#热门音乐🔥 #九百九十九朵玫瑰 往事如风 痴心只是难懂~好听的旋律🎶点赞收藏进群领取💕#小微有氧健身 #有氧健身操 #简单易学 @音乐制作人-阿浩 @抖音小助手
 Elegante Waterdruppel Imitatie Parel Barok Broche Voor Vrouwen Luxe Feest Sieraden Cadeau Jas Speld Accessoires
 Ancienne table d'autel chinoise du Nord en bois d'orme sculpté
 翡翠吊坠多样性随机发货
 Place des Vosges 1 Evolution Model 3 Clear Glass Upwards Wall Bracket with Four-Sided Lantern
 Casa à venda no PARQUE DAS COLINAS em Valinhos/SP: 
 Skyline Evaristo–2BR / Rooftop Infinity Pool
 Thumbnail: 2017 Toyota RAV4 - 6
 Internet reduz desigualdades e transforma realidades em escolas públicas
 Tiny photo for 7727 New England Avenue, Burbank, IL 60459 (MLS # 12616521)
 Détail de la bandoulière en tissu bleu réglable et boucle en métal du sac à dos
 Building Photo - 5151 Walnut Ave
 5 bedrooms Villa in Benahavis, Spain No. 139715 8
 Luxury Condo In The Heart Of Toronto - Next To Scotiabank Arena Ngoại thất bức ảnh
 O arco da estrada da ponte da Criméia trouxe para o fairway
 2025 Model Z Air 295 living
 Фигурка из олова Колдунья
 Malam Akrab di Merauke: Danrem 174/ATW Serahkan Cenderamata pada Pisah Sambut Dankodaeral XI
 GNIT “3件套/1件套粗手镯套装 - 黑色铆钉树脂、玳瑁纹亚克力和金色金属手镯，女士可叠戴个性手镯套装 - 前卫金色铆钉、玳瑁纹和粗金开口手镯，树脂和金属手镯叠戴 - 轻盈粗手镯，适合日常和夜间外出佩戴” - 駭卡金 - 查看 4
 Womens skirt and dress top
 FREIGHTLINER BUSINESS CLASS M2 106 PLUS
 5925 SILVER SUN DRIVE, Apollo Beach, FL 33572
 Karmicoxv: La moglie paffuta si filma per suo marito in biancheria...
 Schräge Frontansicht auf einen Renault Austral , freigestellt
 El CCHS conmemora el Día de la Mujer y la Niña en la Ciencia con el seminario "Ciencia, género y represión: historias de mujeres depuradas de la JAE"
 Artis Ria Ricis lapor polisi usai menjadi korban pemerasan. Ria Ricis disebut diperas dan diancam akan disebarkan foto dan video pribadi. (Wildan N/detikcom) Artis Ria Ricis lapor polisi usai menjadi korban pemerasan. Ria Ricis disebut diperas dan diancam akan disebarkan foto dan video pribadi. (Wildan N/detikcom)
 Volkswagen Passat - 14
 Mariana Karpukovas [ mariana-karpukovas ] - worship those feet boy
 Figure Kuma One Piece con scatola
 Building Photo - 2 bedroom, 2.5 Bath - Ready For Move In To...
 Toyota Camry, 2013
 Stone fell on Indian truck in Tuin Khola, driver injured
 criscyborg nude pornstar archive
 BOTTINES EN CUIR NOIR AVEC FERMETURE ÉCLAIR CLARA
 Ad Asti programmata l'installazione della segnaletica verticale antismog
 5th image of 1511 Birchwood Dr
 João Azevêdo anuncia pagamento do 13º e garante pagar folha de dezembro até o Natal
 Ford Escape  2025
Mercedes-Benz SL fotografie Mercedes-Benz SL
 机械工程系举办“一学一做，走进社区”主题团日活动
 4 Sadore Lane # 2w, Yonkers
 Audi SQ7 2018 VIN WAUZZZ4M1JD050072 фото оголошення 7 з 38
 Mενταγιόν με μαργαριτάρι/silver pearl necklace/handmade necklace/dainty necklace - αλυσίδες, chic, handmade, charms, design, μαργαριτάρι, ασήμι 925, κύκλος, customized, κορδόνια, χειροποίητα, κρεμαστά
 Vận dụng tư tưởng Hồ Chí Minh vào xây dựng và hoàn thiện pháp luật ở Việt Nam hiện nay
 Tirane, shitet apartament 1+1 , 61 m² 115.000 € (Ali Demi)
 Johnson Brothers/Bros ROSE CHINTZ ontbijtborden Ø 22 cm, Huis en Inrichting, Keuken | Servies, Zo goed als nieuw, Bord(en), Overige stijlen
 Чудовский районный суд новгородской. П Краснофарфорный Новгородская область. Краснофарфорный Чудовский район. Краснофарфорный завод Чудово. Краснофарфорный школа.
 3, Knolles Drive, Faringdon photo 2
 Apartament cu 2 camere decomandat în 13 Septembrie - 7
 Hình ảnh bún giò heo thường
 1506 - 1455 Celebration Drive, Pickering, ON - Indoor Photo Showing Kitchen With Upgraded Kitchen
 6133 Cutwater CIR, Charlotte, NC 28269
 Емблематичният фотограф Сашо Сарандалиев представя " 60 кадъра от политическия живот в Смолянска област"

— Task objective —
The data above is to be returned exactly, with nothing altered.

— Solution to this problem —
#热门音乐🔥 #九百九十九朵玫瑰 往事如风 痴心只是难懂~好听的旋律🎶点赞收藏进群领取💕#小微有氧健身 #有氧健身操 #简单易学 @音乐制作人-阿浩 @抖音小助手
 Elegante Waterdruppel Imitatie Parel Barok Broche Voor Vrouwen Luxe Feest Sieraden Cadeau Jas Speld Accessoires
 Ancienne table d'autel chinoise du Nord en bois d'orme sculpté
 翡翠吊坠多样性随机发货
 Place des Vosges 1 Evolution Model 3 Clear Glass Upwards Wall Bracket with Four-Sided Lantern
 Casa à venda no PARQUE DAS COLINAS em Valinhos/SP: 
 Skyline Evaristo–2BR / Rooftop Infinity Pool
 Thumbnail: 2017 Toyota RAV4 - 6
 Internet reduz desigualdades e transforma realidades em escolas públicas
 Tiny photo for 7727 New England Avenue, Burbank, IL 60459 (MLS # 12616521)
 Détail de la bandoulière en tissu bleu réglable et boucle en métal du sac à dos
 Building Photo - 5151 Walnut Ave
 5 bedrooms Villa in Benahavis, Spain No. 139715 8
 Luxury Condo In The Heart Of Toronto - Next To Scotiabank Arena Ngoại thất bức ảnh
 O arco da estrada da ponte da Criméia trouxe para o fairway
 2025 Model Z Air 295 living
 Фигурка из олова Колдунья
 Malam Akrab di Merauke: Danrem 174/ATW Serahkan Cenderamata pada Pisah Sambut Dankodaeral XI
 GNIT “3件套/1件套粗手镯套装 - 黑色铆钉树脂、玳瑁纹亚克力和金色金属手镯，女士可叠戴个性手镯套装 - 前卫金色铆钉、玳瑁纹和粗金开口手镯，树脂和金属手镯叠戴 - 轻盈粗手镯，适合日常和夜间外出佩戴” - 駭卡金 - 查看 4
 Womens skirt and dress top
 FREIGHTLINER BUSINESS CLASS M2 106 PLUS
 5925 SILVER SUN DRIVE, Apollo Beach, FL 33572
 Karmicoxv: La moglie paffuta si filma per suo marito in biancheria...
 Schräge Frontansicht auf einen Renault Austral , freigestellt
 El CCHS conmemora el Día de la Mujer y la Niña en la Ciencia con el seminario "Ciencia, género y represión: historias de mujeres depuradas de la JAE"
 Artis Ria Ricis lapor polisi usai menjadi korban pemerasan. Ria Ricis disebut diperas dan diancam akan disebarkan foto dan video pribadi. (Wildan N/detikcom) Artis Ria Ricis lapor polisi usai menjadi korban pemerasan. Ria Ricis disebut diperas dan diancam akan disebarkan foto dan video pribadi. (Wildan N/detikcom)
 Volkswagen Passat - 14
 Mariana Karpukovas [ mariana-karpukovas ] - worship those feet boy
 Figure Kuma One Piece con scatola
 Building Photo - 2 bedroom, 2.5 Bath - Ready For Move In To...
 Toyota Camry, 2013
 Stone fell on Indian truck in Tuin Khola, driver injured
 criscyborg nude pornstar archive
 BOTTINES EN CUIR NOIR AVEC FERMETURE ÉCLAIR CLARA
 Ad Asti programmata l'installazione della segnaletica verticale antismog
 5th image of 1511 Birchwood Dr
 João Azevêdo anuncia pagamento do 13º e garante pagar folha de dezembro até o Natal
 Ford Escape  2025
Mercedes-Benz SL fotografie Mercedes-Benz SL
 机械工程系举办“一学一做，走进社区”主题团日活动
 4 Sadore Lane # 2w, Yonkers
 Audi SQ7 2018 VIN WAUZZZ4M1JD050072 фото оголошення 7 з 38
 Mενταγιόν με μαργαριτάρι/silver pearl necklace/handmade necklace/dainty necklace - αλυσίδες, chic, handmade, charms, design, μαργαριτάρι, ασήμι 925, κύκλος, customized, κορδόνια, χειροποίητα, κρεμαστά
 Vận dụng tư tưởng Hồ Chí Minh vào xây dựng và hoàn thiện pháp luật ở Việt Nam hiện nay
 Tirane, shitet apartament 1+1 , 61 m² 115.000 € (Ali Demi)
 Johnson Brothers/Bros ROSE CHINTZ ontbijtborden Ø 22 cm, Huis en Inrichting, Keuken | Servies, Zo goed als nieuw, Bord(en), Overige stijlen
 Чудовский районный суд новгородской. П Краснофарфорный Новгородская область. Краснофарфорный Чудовский район. Краснофарфорный завод Чудово. Краснофарфорный школа.
 3, Knolles Drive, Faringdon photo 2
 Apartament cu 2 camere decomandat în 13 Septembrie - 7
 Hình ảnh bún giò heo thường
 1506 - 1455 Celebration Drive, Pickering, ON - Indoor Photo Showing Kitchen With Upgraded Kitchen
 6133 Cutwater CIR, Charlotte, NC 28269
 Емблематичният фотограф Сашо Сарандалиев представя " 60 кадъра от политическия живот в Смолянска област"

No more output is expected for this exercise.